At every stop on our cruise on the Rhine there were one or two free tours that were included in the price. About half the stops offered premium tours at an added cost. We took the premium tour to the Black Forest which was about about 7 hours long and included a nice lunch.
The Black Forest was named by the Roman invaders of the first century. The dark and forbidding mountains were just a little too spooky for the Romans, so they did not go into the area. During the Middle Ages farmers settled the region and to this day it has many farms on the slopes and in the valleys. Through the mid-19th century the trees were harvested for lumber and heat. By that time the Black Forest was only about ten percent forest. Since then a concerted effort has been made to ensure that the trees are replanted so today the region is about sixty percent forest. Like much of densely populated Europe there is a tidiness to the forest areas that seems odd to those from the US.
Because of the intense Winters of the region, the isolated farmers came up with indoor activities. And one of those was making clocks…giving rise to the Cuckoo clock and other local handicrafts. We visited the House of Black Forest Clocks in Hornberg-Niederwasser where Herr Adolf Herr and his family make clocks. Outside the store and restaurant is the world’s largest cuckoo clock. Inside there are many beautiful clocks and other crafts. On the second floor they serve coffee and the world famous Black Forest Cake.
For lunch we stopped at the Hohengasthaus Landwassereck near Elzach which offered a beautiful cutting board with local sausage, cheese and breads and a nice fresh salad. Included was a glass of wine or a bottle of local beer. They called it a snack, but no one went away hungry, including hearty eaters like Earl and me. Perhaps the best thing about this restaurant were the views including some nearby Black Forest Cattle. Much in evidence was Germany’s aggressive move toward sustainable energy. Most roofs had solar panels and there were two huge wind turbines along the ridge across the way.
Our last stop that day was at the Schwartzwalder Freilichtsmuseum (Black Forest Open Air Museum) which features several different farm houses and other buildings from the region. Our guide took us into one huge farmhouse – barn and told us how the locals lived before electricity became available. These houses did not have chimneys so during the Winter the residents breathed in the smoke from the heating and cooking fires shortening their lives significantly. This is a great stop for children, too, with lots of farm animals. I petted one of the goats, forgetting that I had to attest to not being near farm animals on the immigration form. Oops!
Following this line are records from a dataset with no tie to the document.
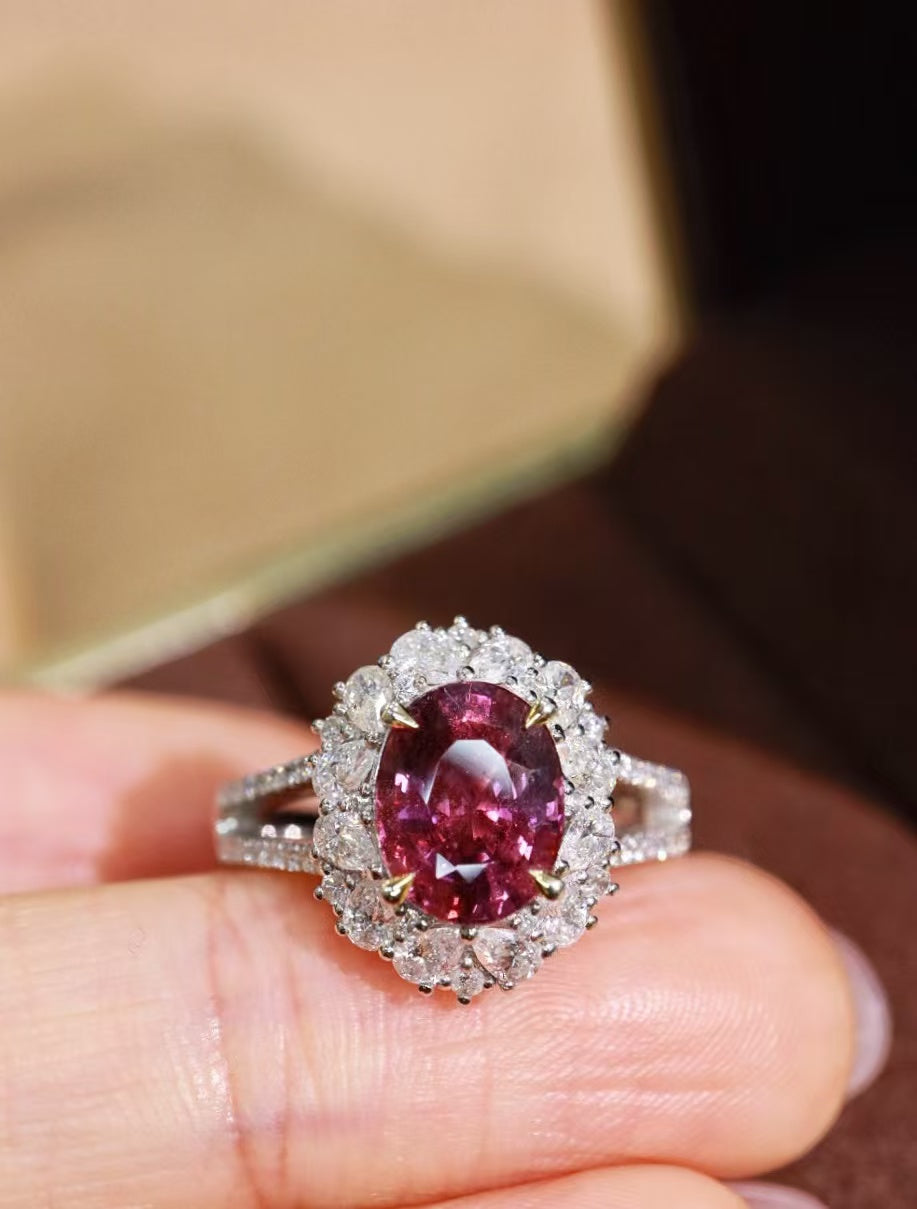 18K natural unheated pink sapphire ring💍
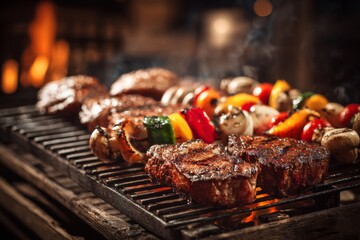Friends gather for a backyard barbecue, grilling juicy steaks and colorful vegetables. Smoke rises in the warm air as they enjoy a sunny afternoon outdoors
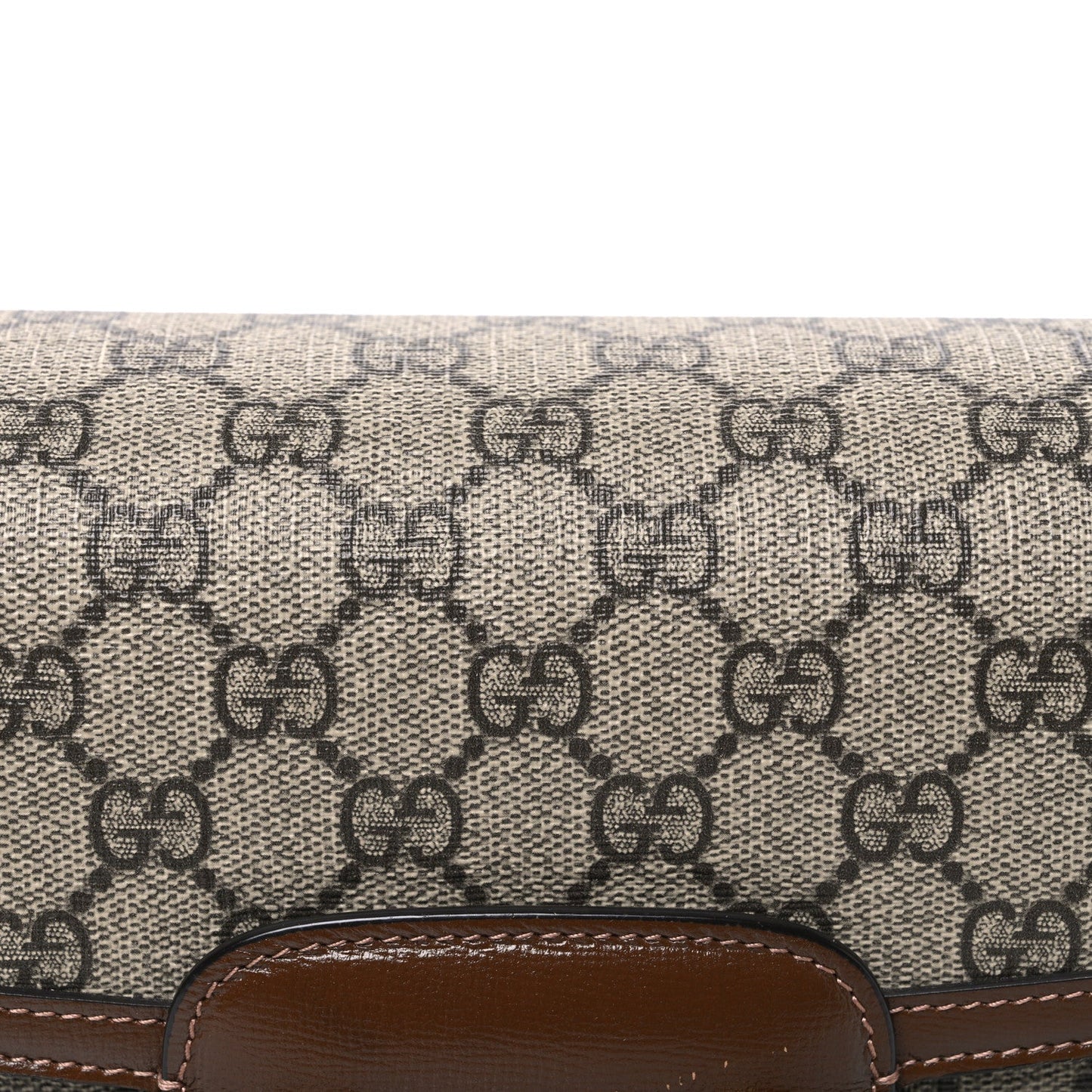 GG Supreme Monogram Horsebit 1955 Shoulder Bag Beige Brown Sugar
During the rides between stops our guide told about tourism in the Black Forest. It is one of the most popular areas in Germany and outdoor activities such as cross-country skiing, mountain biking, hiking and fishing are very popular. There are many inns throughout the region for overnight guests. The villages of the Black Forest have their own unique customs and fashions. One of the most famous and bizarre are the girls hats with 14 red balls.
Freiburg is the capital of the Black Forest. In 1976, my brother and I visited a college friend of mine who was spending a year at the historic University in Freiburg. We hiked and did day trips around the area and had a wonderful time. The small city is right at the foothills of the mountains and is famous for its Gothic cathedral and young population. Sadly the day we visited it was cool and raining so I didn’t take many pictures. The center of the city near the Cathedral is mostly pedestrian. We had a nice time window shopping and going inside the Cathedral.
It wasn’t the blast from the past I was hoping for. I hope to go back. Hopefully my friend Zack will read this. You showed us a great time, Zack!